Frankfurt, March 23 - The European Central Bank cannot prevent an initial inflationary shock stemming from sharply higher energy costs, but it will act if those increases threaten to become entrenched, ECB Vice President Luis de Guindos told Spanish newspaper El Mundo on Monday.
The ECB left interest rates unchanged last week. Still, officials signalled they are prepared to tighten policy if elevated energy prices start to spread into the wider economy and push up the costs of other goods and services - the so-called second-round effects.

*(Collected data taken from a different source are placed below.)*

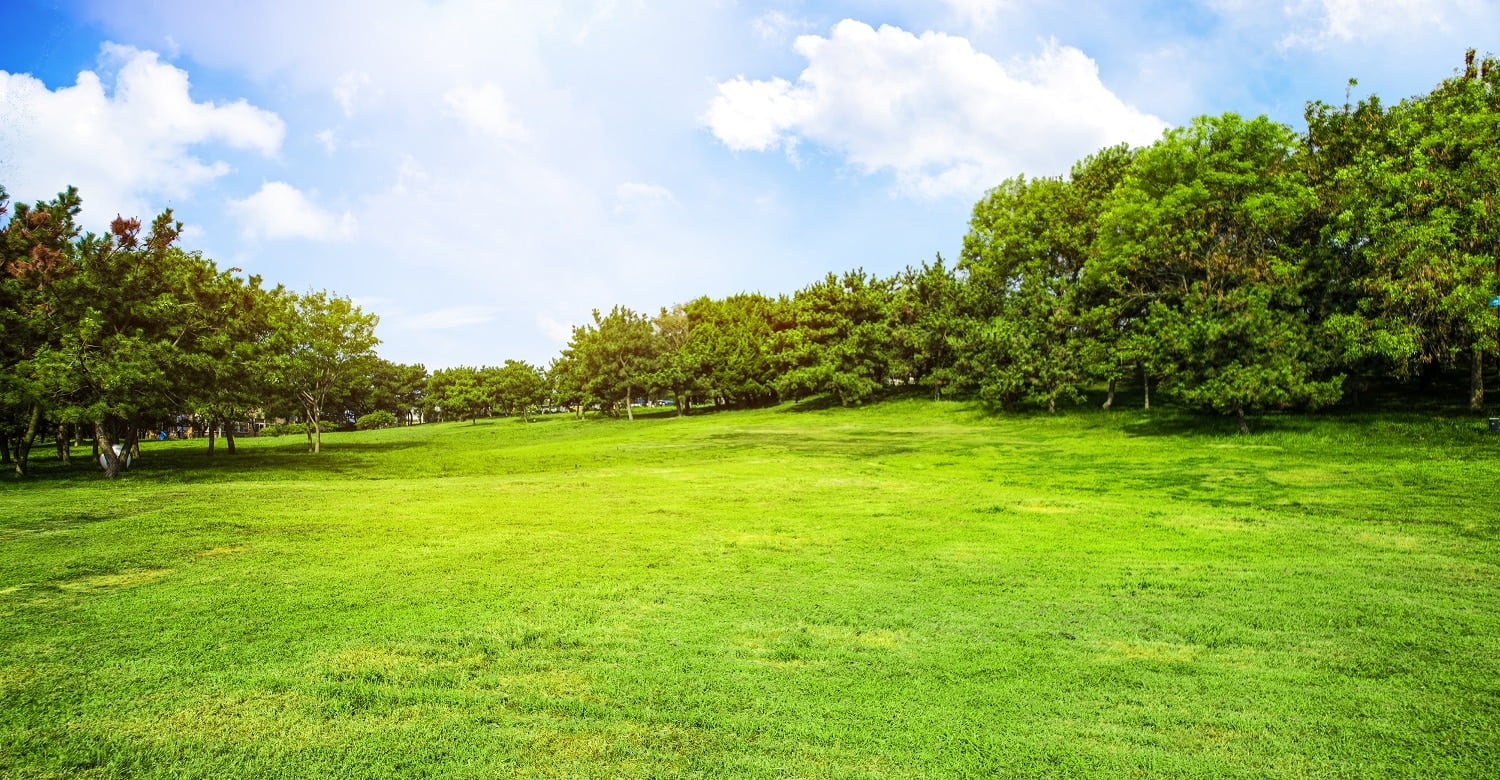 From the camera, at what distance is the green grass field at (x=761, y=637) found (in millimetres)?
4801

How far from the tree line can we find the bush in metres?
50.8

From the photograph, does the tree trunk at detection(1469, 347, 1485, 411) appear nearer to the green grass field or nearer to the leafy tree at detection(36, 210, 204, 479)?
the green grass field

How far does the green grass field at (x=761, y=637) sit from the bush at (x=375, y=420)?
85497 mm

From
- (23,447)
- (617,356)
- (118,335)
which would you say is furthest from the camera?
(617,356)

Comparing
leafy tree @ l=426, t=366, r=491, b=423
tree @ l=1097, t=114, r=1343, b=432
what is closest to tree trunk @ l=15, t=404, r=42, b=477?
tree @ l=1097, t=114, r=1343, b=432

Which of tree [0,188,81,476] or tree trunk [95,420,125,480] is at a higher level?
tree [0,188,81,476]

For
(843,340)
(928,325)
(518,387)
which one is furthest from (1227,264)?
(518,387)

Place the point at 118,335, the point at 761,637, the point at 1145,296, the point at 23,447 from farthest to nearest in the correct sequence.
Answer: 1. the point at 1145,296
2. the point at 23,447
3. the point at 118,335
4. the point at 761,637

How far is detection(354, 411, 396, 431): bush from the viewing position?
309 ft

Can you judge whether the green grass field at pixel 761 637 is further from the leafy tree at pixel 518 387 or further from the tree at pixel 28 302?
the leafy tree at pixel 518 387

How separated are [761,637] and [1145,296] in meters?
37.1

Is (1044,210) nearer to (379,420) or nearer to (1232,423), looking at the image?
(1232,423)

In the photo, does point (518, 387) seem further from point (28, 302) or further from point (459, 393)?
point (28, 302)

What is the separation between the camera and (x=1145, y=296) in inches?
1438
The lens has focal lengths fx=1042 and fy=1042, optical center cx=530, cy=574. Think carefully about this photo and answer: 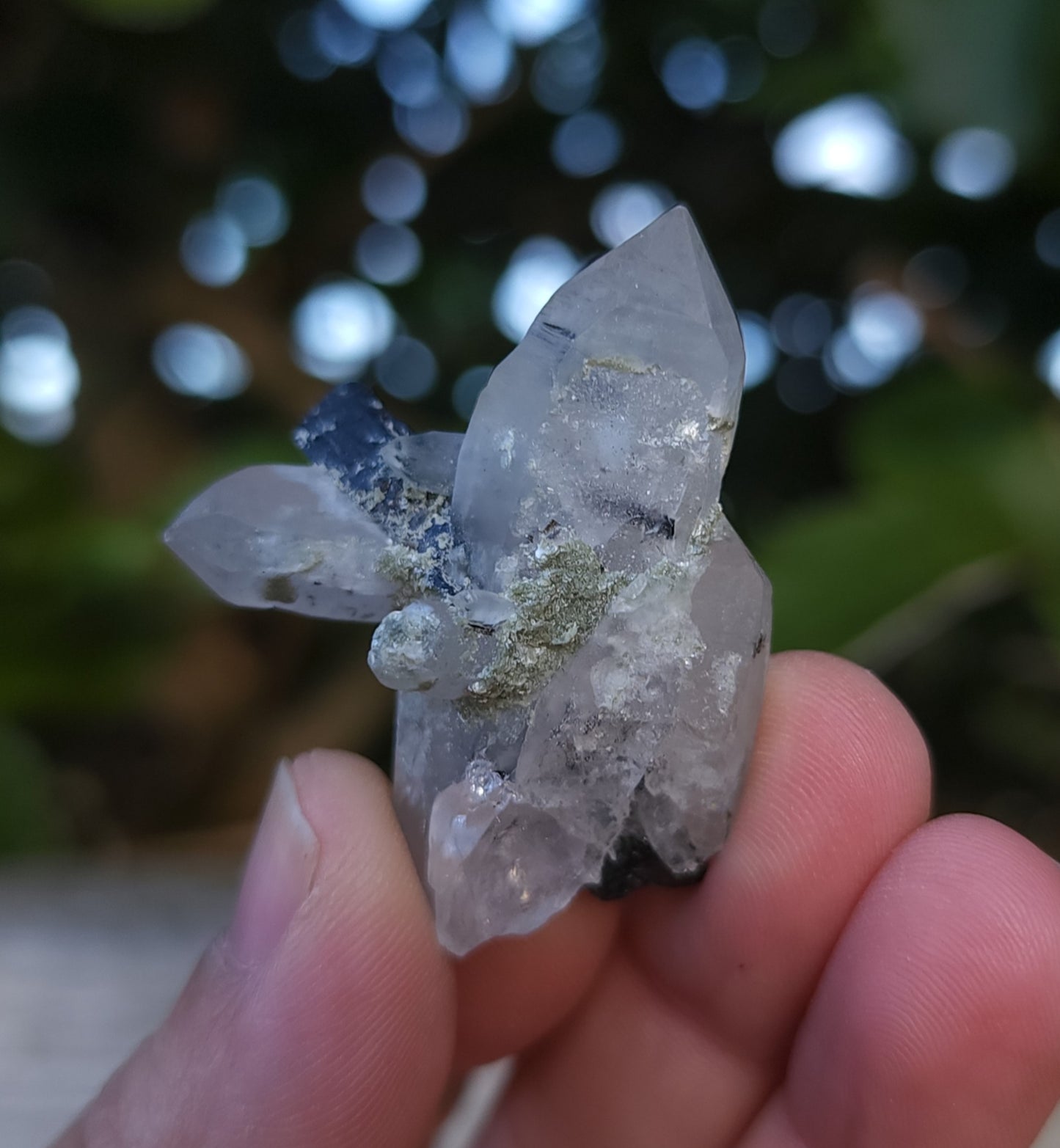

"Monetary policy cannot prevent the war from having an initial impact on both inflation and growth, but the ECB can monitor the situation and be alert to potential second-round effects," El Mundo quoted de Guindos as saying. He stressed that firms and labour unions should regard the shock as transitory; if they do not, second-round effects could follow and force the central bank to step in.
De Guindos outlined areas that the ECB will follow closely: measures of underlying inflation, price expectations and particular price components such as fertilizer and food. He also indicated that, despite higher energy costs, a recession in the euro area is unlikely under the scenarios the bank expects, since all project positive growth.
The ECB was among the last major central banks to raise interest rates during the 2021-22 inflation surge, yet it managed to bring price growth under control ahead of many peers. Inflation has remained at the bank's 2% target for the past year. However, the ECB's most recent projection shows inflation jumping to 2.6% even in its most benign scenario, with risks tilted toward higher readings.
Against this backdrop, the bank's readiness to respond to persistent pass-through from energy prices into wages and other costs underscores its vigilance on inflation dynamics rather than an attempt to counter the immediate direct effects of geopolitical shocks on energy markets.